I thought immediately of my conversation with Mardian at Nixon’s poolside. He’d said almost the same thing using different words. Why I was being included by both powerful people I had no idea.

“I’ve got to go,” I said to the strangely attractive but kind of scary woman.

“To visit your new friend, I presume,” she replied. “Try not to hurt him. He only thinks he’s tough, not like you. See, you are changing him.”

“Thanks,” I replied, for no good reason I could think of.

“Money’s on the counter there,” Cobb said, pointing with one of her sharp-pointed red fingernails.

I didn’t bother to open the envelope, instead folding it and placing the seemingly too light package in my front pocket.   I exited through the cabin door, and then hopped up from the cockpit to the deck before leaping across the short open expanse between the boat and pier.

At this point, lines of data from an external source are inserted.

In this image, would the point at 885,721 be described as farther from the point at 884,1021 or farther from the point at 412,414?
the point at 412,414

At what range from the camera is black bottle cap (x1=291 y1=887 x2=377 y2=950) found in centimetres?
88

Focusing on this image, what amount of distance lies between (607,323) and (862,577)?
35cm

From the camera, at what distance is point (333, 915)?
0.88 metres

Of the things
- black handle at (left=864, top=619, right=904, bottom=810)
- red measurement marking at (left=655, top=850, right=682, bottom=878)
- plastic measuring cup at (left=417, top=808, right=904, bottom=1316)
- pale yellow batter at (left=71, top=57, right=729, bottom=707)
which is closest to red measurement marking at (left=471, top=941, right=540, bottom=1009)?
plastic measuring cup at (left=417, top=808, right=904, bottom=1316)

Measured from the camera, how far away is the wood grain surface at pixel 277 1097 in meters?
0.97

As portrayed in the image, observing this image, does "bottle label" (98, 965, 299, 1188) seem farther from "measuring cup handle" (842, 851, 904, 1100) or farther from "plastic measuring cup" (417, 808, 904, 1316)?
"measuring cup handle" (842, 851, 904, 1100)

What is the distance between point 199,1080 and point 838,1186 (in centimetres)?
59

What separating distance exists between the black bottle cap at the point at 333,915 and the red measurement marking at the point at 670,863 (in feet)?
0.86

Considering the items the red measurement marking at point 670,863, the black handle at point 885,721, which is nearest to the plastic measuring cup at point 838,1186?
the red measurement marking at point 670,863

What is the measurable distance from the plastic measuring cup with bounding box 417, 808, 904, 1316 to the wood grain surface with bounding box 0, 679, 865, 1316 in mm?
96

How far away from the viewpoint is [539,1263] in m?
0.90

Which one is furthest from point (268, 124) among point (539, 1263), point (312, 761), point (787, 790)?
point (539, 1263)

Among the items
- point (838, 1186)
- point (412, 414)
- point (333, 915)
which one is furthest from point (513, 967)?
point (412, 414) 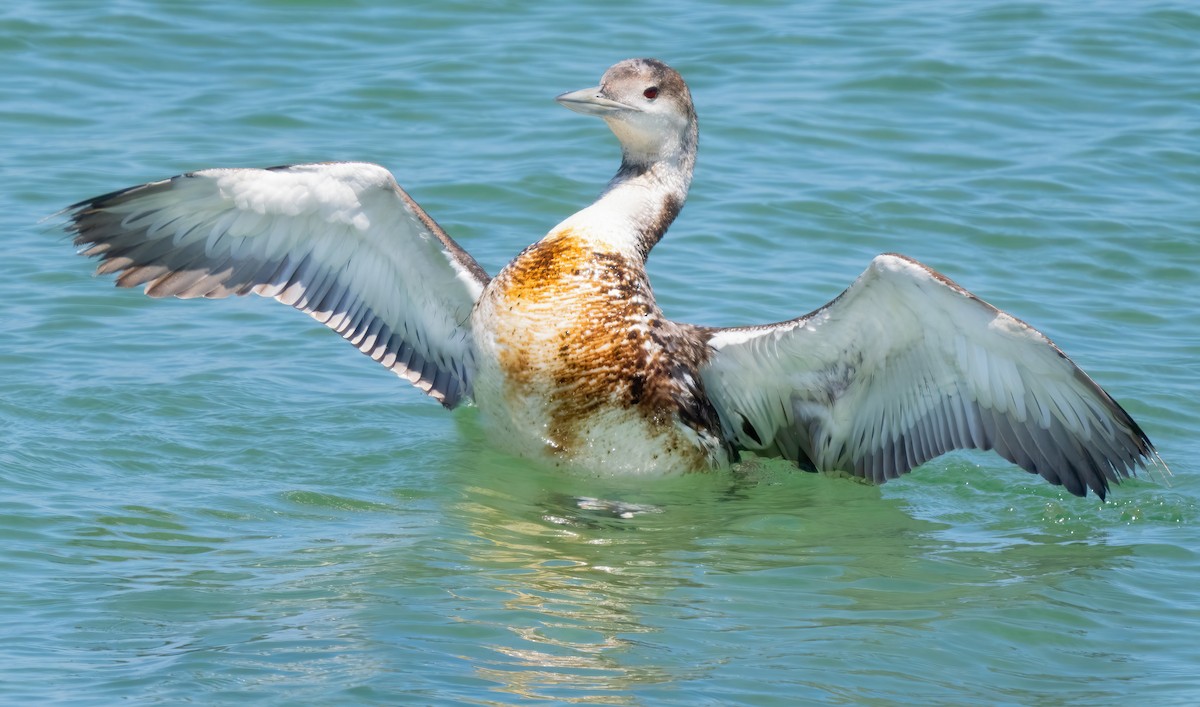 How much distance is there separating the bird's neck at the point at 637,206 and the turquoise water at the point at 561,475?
113 cm

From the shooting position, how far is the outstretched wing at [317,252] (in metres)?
7.88

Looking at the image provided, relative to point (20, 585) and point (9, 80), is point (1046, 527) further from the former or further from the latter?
point (9, 80)

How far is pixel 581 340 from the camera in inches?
308

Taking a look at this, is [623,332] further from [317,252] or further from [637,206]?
[317,252]

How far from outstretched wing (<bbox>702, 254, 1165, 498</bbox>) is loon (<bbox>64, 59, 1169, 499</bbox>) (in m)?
0.01

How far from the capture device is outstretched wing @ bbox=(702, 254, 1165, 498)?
24.3 ft

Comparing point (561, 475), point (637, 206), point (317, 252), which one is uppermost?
point (637, 206)

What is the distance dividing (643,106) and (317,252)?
1642 millimetres

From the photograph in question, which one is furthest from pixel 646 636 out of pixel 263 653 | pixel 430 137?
pixel 430 137

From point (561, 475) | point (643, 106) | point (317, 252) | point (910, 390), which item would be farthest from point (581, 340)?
point (910, 390)

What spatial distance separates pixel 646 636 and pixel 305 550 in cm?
158

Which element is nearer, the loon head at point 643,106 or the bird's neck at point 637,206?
the bird's neck at point 637,206

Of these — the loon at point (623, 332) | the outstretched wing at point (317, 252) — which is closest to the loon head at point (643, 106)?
the loon at point (623, 332)

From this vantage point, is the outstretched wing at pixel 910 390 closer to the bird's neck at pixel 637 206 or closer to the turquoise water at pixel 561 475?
the turquoise water at pixel 561 475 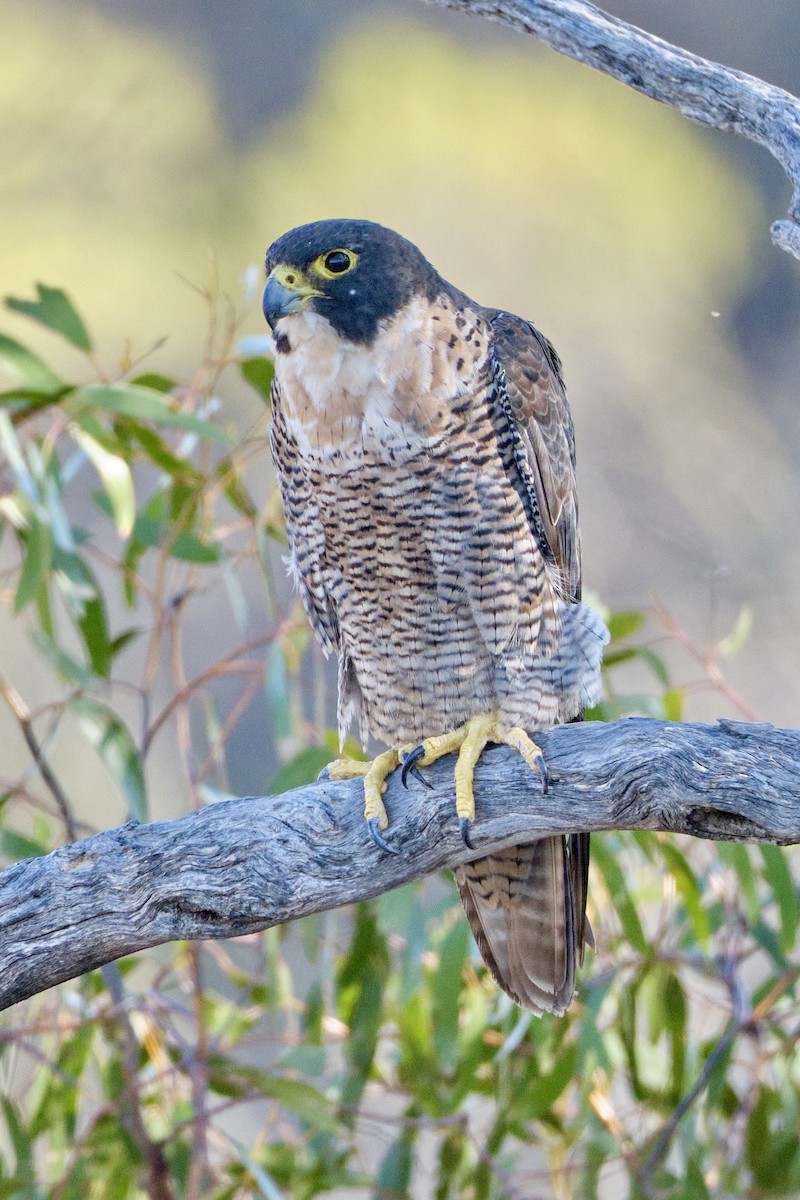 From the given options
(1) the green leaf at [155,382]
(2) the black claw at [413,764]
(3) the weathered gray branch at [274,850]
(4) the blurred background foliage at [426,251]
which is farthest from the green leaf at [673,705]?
(4) the blurred background foliage at [426,251]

My hand hurt and my center-line incision, as well, but in looking down I couldn’t see any blood. My wife had gone back to using the Saran Wrap to make sure nothing got through the four-by-fours to give me away.

Butch was inside his trailer, as I expected, since he usually tried to quit the project around four in the afternoon. Of course, since his Airstream was right inside the construction project, the workers, supervisors and more, constantly came to his door whether he was supposedly working or not.

“You’re back,” he said, opening the door wide.

I handed him the folded envelope, as I stepped through the opening, which he quickly took, glancing quickly over his shoulder. I looked past him to see a young man sitting at what Butch called his business office desk.

“Little Mardian, right here to make your acquaintance,” Butch said, closing the door behind him.

“Hello,” I replied with a smile, holding out my right hand.

“I didn’t ask for and don’t need your help,” Little Mardian said, not holding out his own hand or getting to his feet. “You got sent by my father. I don’t need his help either.”

“I don’t know what help you’re talking about,” I replied, glancing back at Butch, who stood nearby with a slightly guilty look on his face.

“I thought he’d be happy to have some help,” Butch said.

“Just get the hell out,” Mardian yelled at me.

I backed up a few feet, dropping my right hand to my side. I was in no shape for any kind of physical confrontation I knew, but the kid just seemed to be asking for it, what with his white sweater thrown over his back with the arms folded across his chest. He was the picture of a complete spoiled brat coming out of some Ivy League school back east. I hated the look and his phony tough independent kid act even more.

“It’s Butch’s trailer, so it’ll have to be Butch who invites me to leave,” I replied, my voice soft, wondering if I couldn’t make an exception and take the kid on in spite of my wounds.

“You see?” Butch said, his voice almost too soft to hear.

“Yes, I get it now,” I replied, my eyes never leaving the kid’s eyes.

No wonder Butch had worked to deny the Mardian in front of me any kind of help or assistance in getting his restaurant built. But he was Mardian’s son and I also knew that the man was at least as dangerous as Cobb and I wanted no more enemies or threats in my life just then.
I turned and walked to the door. Over my shoulder I said my last words to Little Mardian.

“We’ll meet one day again,” I said.

“Not too likely,” he replied with a snort, unaware that I’d used a saying common to police officers in the department, when they wanted to say something innocent but held a real threat in secret reserve.

I knew I’d meet the kid again and the next meeting would be entirely different. The only thing I wanted to do was schedule that meeting for as soon as possible.